Requirement –
Task for the records below: copy exactly from the first line on, stopping once the line with "Immunofluorescence analysis of" is copied, and leave out the pictures.

Excerpted data –
::::

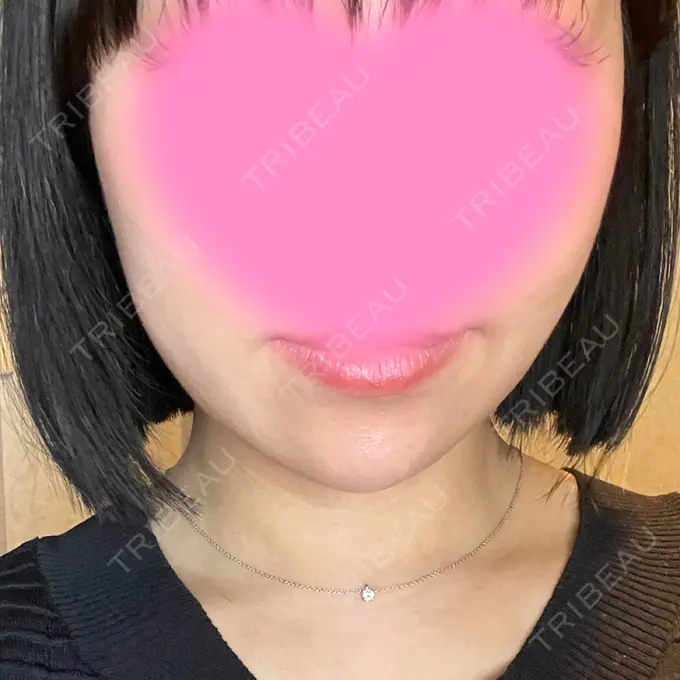 ボトックス（あご） / ボトックス（エラ・小顔） / ボトックス（口角） eクリニック 大阪院 DAY 0 メイン用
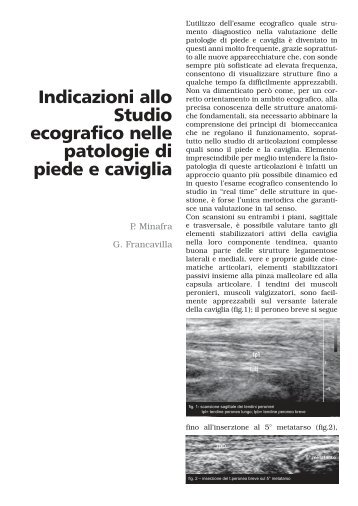 Indicazioni allo Studio ecografico nelle patologie di piede e caviglia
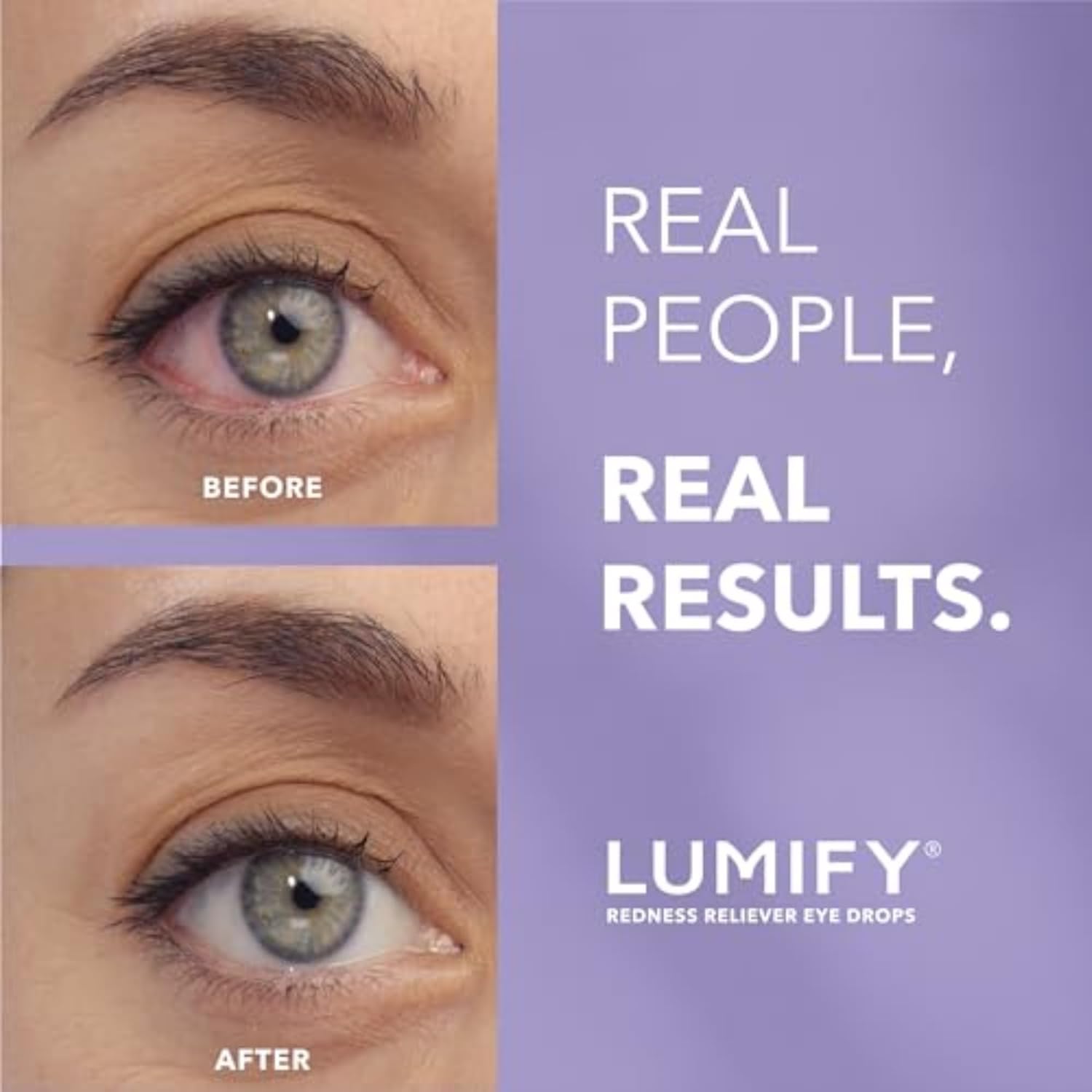 LUMIFY Redness Reliever Eye Drops - Image 4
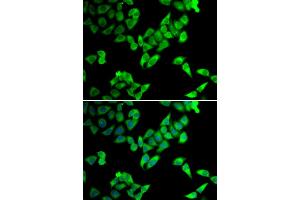 Immunofluorescence analysis of U2OS cells using TRIP10 antibody (ABIN5974234). (TRIP10 antibody)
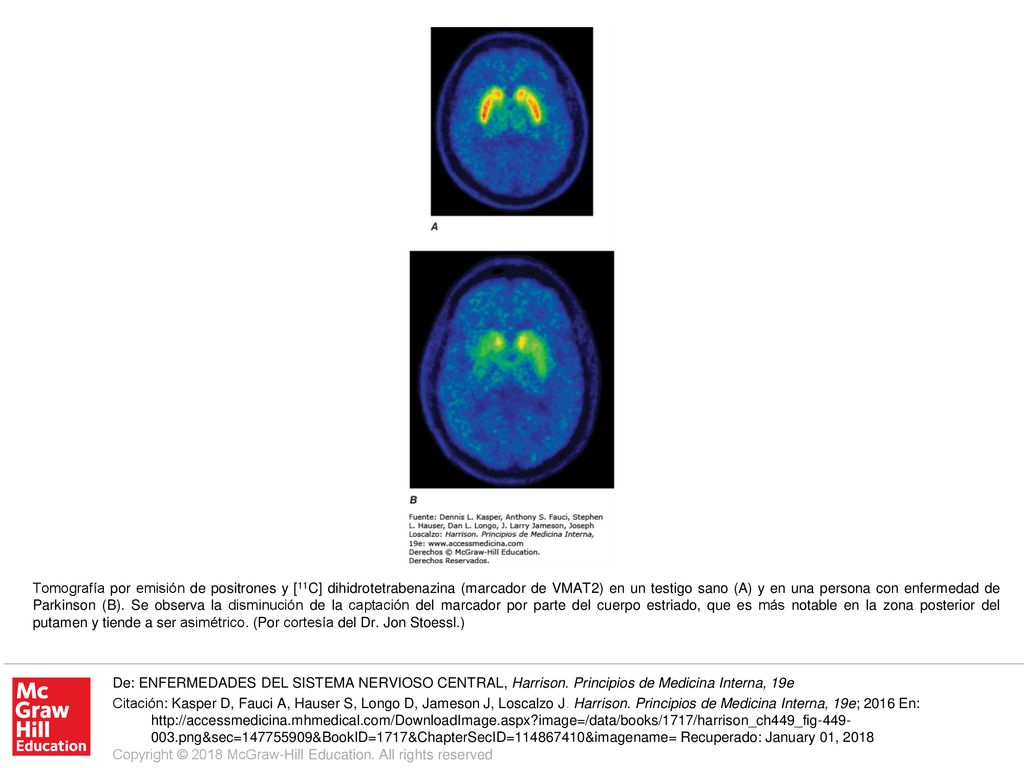 Tomografía por emisión de positrones y [11C] dihidrotetrabenazina (marcador de VMAT2) en un testigo sano (A) y en una persona con enfermedad de Parkinson (B). Se observa la disminución de la captación del marcador por parte del cuerpo estriado, que es más notable en la zona posterior del putamen y tiende a ser asimétrico. (Por cortesía del Dr. Jon Stoessl.)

::::

Answer section –
 ボトックス（あご） / ボトックス（エラ・小顔） / ボトックス（口角） eクリニック 大阪院 DAY 0 メイン用
 Indicazioni allo Studio ecografico nelle patologie di piede e caviglia
 LUMIFY Redness Reliever Eye Drops - Image 4
 Immunofluorescence analysis of U2OS cells using TRIP10 antibody (ABIN5974234). (TRIP10 antibody)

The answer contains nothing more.